On Thursday, Robert Gates will step down as defense secretary — a position he held for more than four years, overseeing two wars. He's the only person to hold the job under two presidents from different parties.

For the past two years, he has attained a kind of "wise man" status within the Obama administration. While he makes weekly visits to the White House, he has also spent a great deal of time in khakis and a baseball cap out in the field with men and women in uniform.

Whenever Gates visits troops in Iraq and Afghanistan, he looks them in the eye and takes responsibility for sending them into combat. He told soldiers in Baghdad: "This is kind of personal for me. I'm the guy who signed the orders that sent you here."

And in northern Iraq, he told them: "For the last four-and-a-half years, I'm the guy who has signed the paper that sent every single soldier, sailor, marine and airman in harm's way."

And in Afghanistan earlier this month, he said this: "More than anybody except the president, I'm responsible for you being here. And that weighs on me every day."
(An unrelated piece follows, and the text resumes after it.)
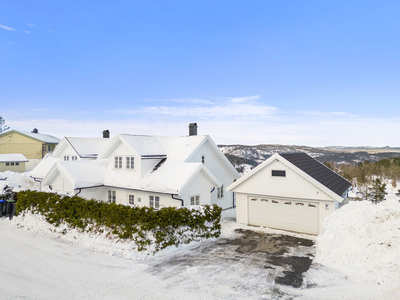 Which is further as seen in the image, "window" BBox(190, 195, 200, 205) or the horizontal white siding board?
"window" BBox(190, 195, 200, 205)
There's a heavy sense of accountability there. It's almost paternal — a message that no matter the challenge you face, someone has your back. Gates has been that someone for the troops under his command and the president he serves.

Credibility For The President

President Obama came into office pushing to end the war in Iraq and double down on what he called "the right war" in Afghanistan. He was untested as a commander in chief and needed national security credibility; Gates helped give him that.

"I am confident Bob Gates will be remembered as one of the finest defense secretaries in American history, and I will always be grateful for his service," the president said in a speech in April.

Richard Armitage, a deputy secretary of state under Colin Powell, has known Gates for close to 30 years — they met when Gates was the deputy director of the CIA and Armitage was at the Pentagon. He says this president flat-out needed Gates.

"There was a great deal of confidence in the foreign policy area as long as Bob Gates was involved, and this, I think, benefited the president a huge amount," Armitage said. "The fact that we were in the middle of two wars, now almost three, and you had a steady hand at the helm is something that must have comforted our president, as it comforted the nation."

Gates gave the president political cover when he needed it. He stood up for the president's decision to wind down the war in Iraq, and to repeal don't ask, don't tell — the ban on gays serving openly in the military.

And on Afghanistan, when Obama was accused by Republicans of taking too long to figure out his war strategy — "dithering," even — Secretary Gates was there to defend him.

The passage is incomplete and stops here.